Another one is based on one-stage structure, such as the series of you only look once [50,51] (YOLO). [52] exploit YOLO for real-time apple detection with tree. [53] explored YOLO as a baseline model to detect apples during different growth stages. Such kind of one stage fruit detector with less time cost compared with methods based on the two stages, although slightly inferior in the aspect of accuracy. It may due to that both the architecture of Faster- RCNN and YOLO series are proposed for the multi-class objects detection, so they have deep network layers and a large number of parameters which beyond the hardware capacity of automatic robots. Therefore, a more suitable fruit detection system is needed to be developed under such circumstances.

3. Description of Dataset

Although [45-49] presented benchmark for apple detection, similarly environment factor (e.g., resolution of camera, varieties, illumination, the distance, angle between camera and the target objects etcetera.) for each benchmark setup will weak the generalization ability of the trained model to a new environment. Due to these reasons, this paper generates a synthesis dataset which only need few samples.

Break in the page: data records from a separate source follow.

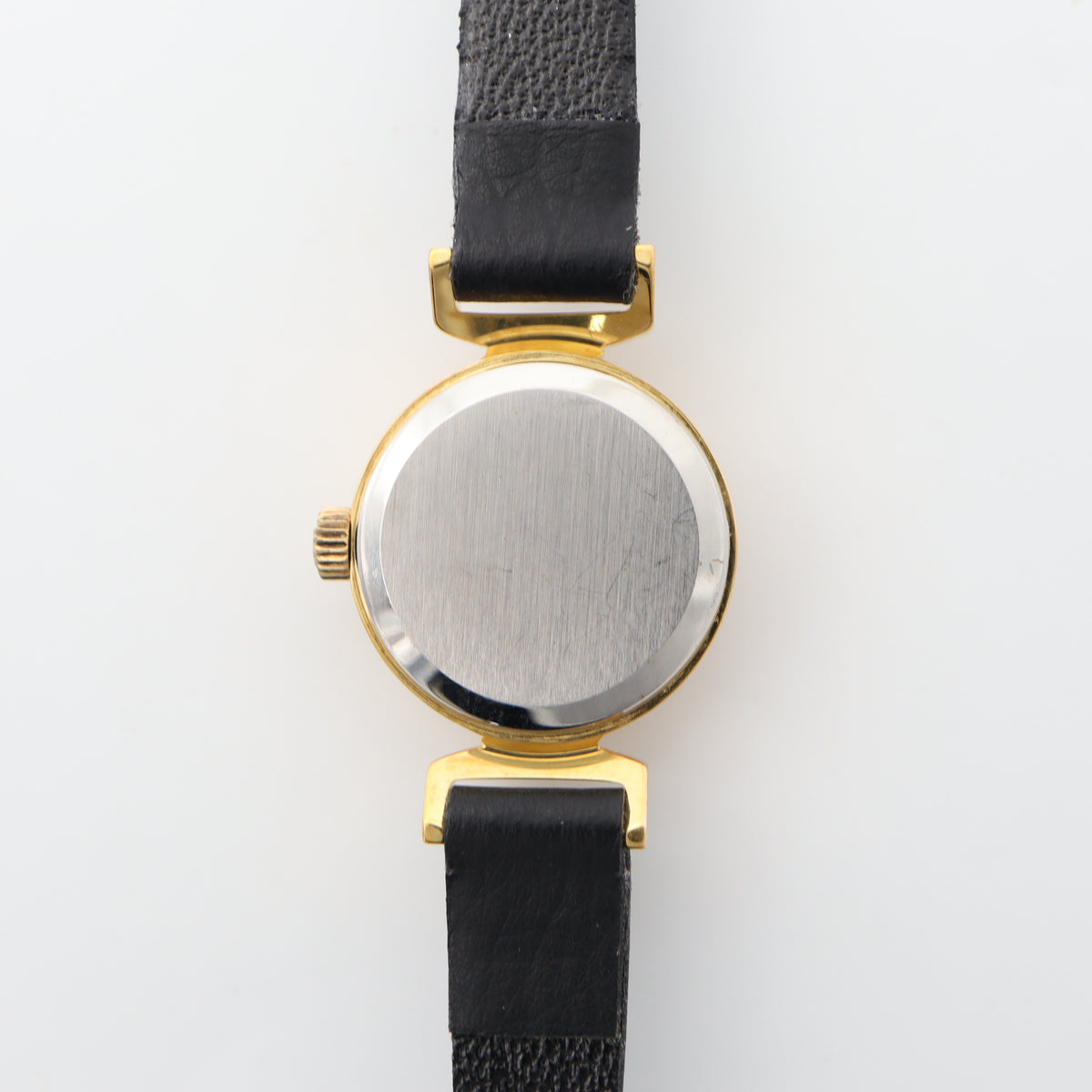 Vintage Omega Türler De Ville Wind-up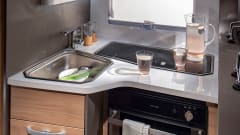 Adria – Adria 6701XL Plus coral 5 person camper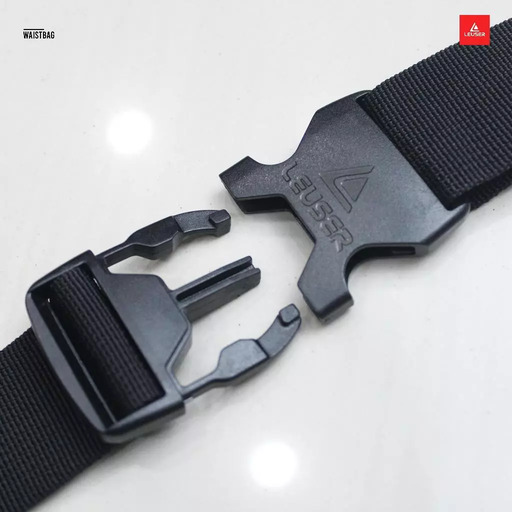 WAIST BAG LEVITAN 2 FACE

3.1 Image Acquisition and Conventional Dataset

A Canon EOS 100D digital camera was used to capture nearly 1800 images from an apple orchard. During image acquisition, we changed the camera’s viewing angles and shooting distance to collect diverse samples. Besides, our method applied training data from Internet and ImageNet (an open-source database) [54] which were easily acquired. All the objects were labeled manually as individual image datasets. According to the density of objects, divided these images into training and test datasets randomly with a ratio nearly three to one.

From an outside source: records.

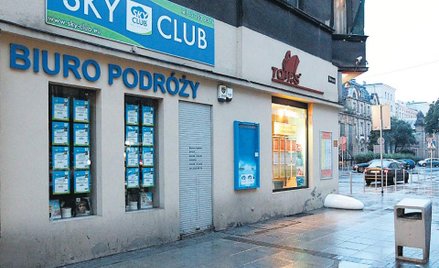 Dramat zamiast urlopu za granicą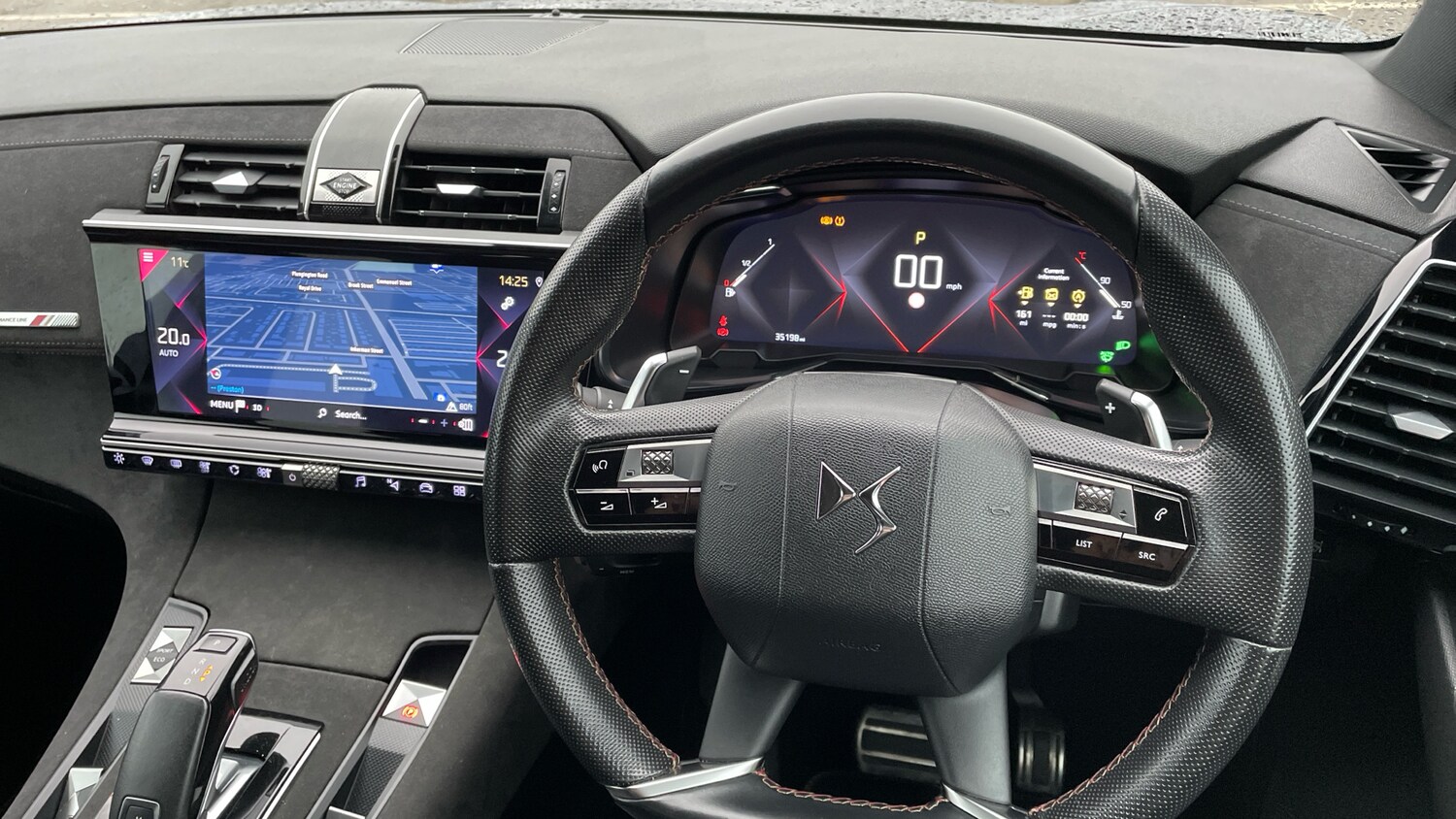 Used DS Automobiles DS 7 2021 for sale - 76574418: Photo 43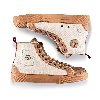 &sons Trading Co Men's Brown &sons Baseline Basketball High Top In Brown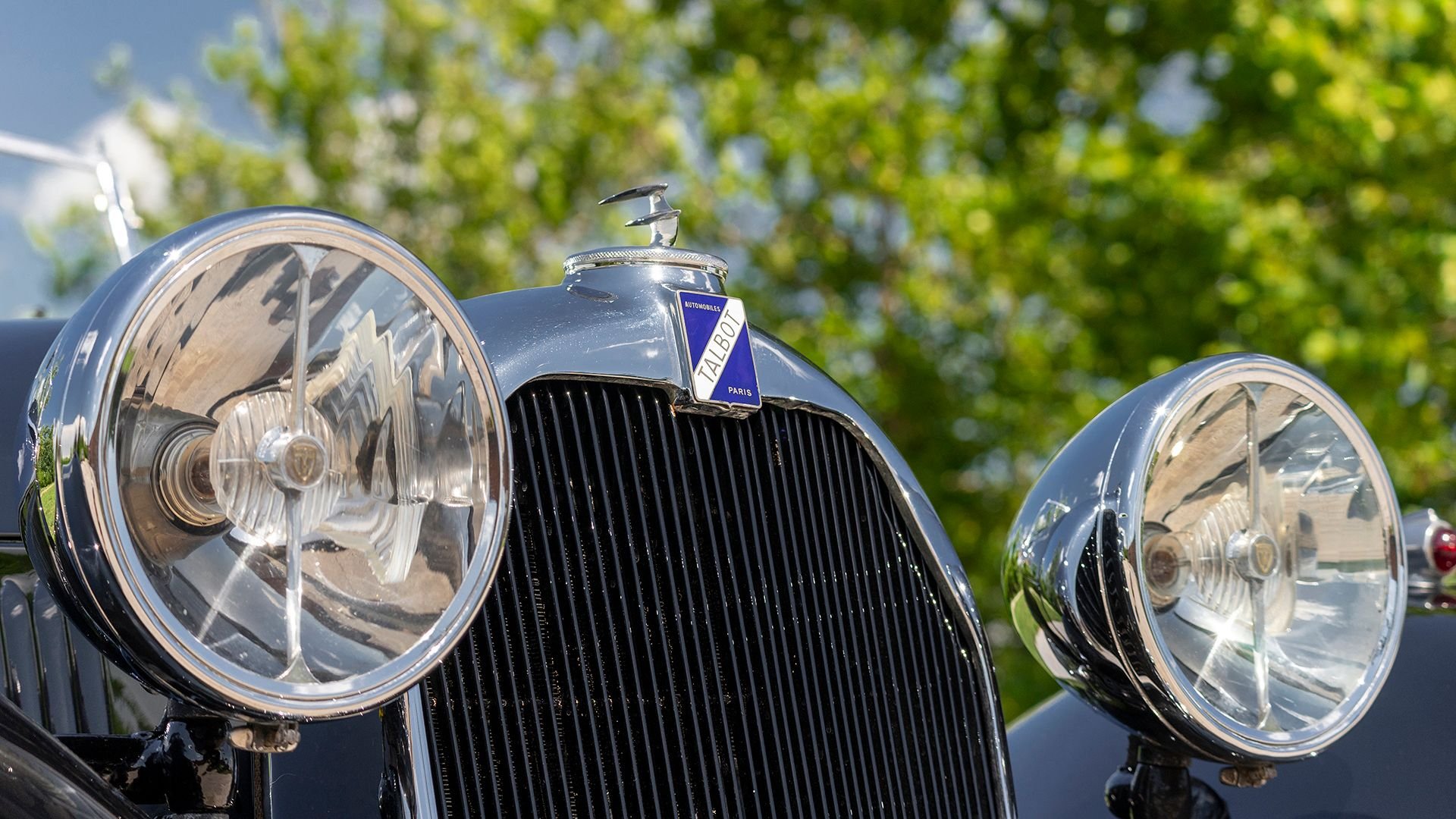 Broad Arrow Auctions | 1936 Talbot-Lago T120 Baby Sport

3.2 Preparation of Elements for the Synthetic Dataset

Considering the ever-changing orchard environment, more diversified samples are beneficial for the detection network training and final result. On the contrary, collection and annotation of images to set up a sufficient dataset is a time-consuming and boring task. Therefore, an attempt was made to find methods to simplify the process in order to generate image data close to the images captured in the real environment. In this study, a novel method is described to generate dataset only with a few labeled images that would further create images highly similar to those obtained in the real environment [55]. The overall flowchart is shown in Fig. 1.

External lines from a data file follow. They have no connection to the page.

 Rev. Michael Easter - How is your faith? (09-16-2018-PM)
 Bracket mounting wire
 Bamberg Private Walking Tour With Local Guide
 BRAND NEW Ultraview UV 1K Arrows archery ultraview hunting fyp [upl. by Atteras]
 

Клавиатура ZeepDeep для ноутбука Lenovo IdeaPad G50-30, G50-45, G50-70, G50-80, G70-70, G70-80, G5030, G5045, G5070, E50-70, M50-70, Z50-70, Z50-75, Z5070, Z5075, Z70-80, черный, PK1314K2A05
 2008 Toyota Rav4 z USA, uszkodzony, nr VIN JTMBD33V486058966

E1KOBZ_2021_v15n2_421_f0001.png 이미지

Fig. 1. The flowchart of generating synthesis dataset

3.3 Background and Objects Description

In this study, scene images of an apple orchard were randomly collected as background images. These images included orchard environment such as sky, ground, apple trees, etc. For foreground scene, objects were widely divided into two categories i.e., positive objects and negative objects. Positive objects indicate the objects wanted to be detected, so diverse viewpoints of apple images were chosen as positive object images. Negative objects indicate the objects with high probability to influence positive objects. Image data were generated as close to the real data as possible, so multi-view point branch and leaf object were collected as negative objects. The number of each category are shown in Table 1.

Table 1. The Object Number of Each Category

E1KOBZ_2021_v15n2_421_t0001.png 이미지

In Fig. 1, is four parts are needed to generate synthesis images. They are background images, positive object images, transfer operation, and negative object images. Particularly, each object with one RGB image and one corresponding black-white mask image. Transfer operation includes rotating transformation, scale transformation, Gaussian noise, and a blur of motion and Poisson. Four synthesis images are generated each time, the original image (None), the image with Gaussian noise (Gaussian), the image with Motion blur (Motion) and the image with Poisson blur (Poisson).

3.4 Object Segmentation

There are many deep learning-based segmentations network models that have achieved outstanding performance. Generally, these methods suit to a variety of different categories. In this study, only four categories needed to be distinguished i.e., background, apple fruits, leaves, and branches. Based on these considerations, the GrabCut method was adopted for image segmentation.

GrabCut is an image segmentation method derived from the GraphCut algorithm [56]. In this case, based on the specified bounding box of the object to be segmented, a Gaussian mixture model (GMM) is used to estimate the color distribution of the object and its background. This algorithm can achieve the optimal segmentation of foreground and background with a few labeled pixels. For comparing contrast texture or color information in the image, this algorithm can achieve a better segmentation effect with only a few user interaction operations and with high accuracy performance. Based on the above considerations, GrabCut algorithm was deemed the most appropriate choice for this work.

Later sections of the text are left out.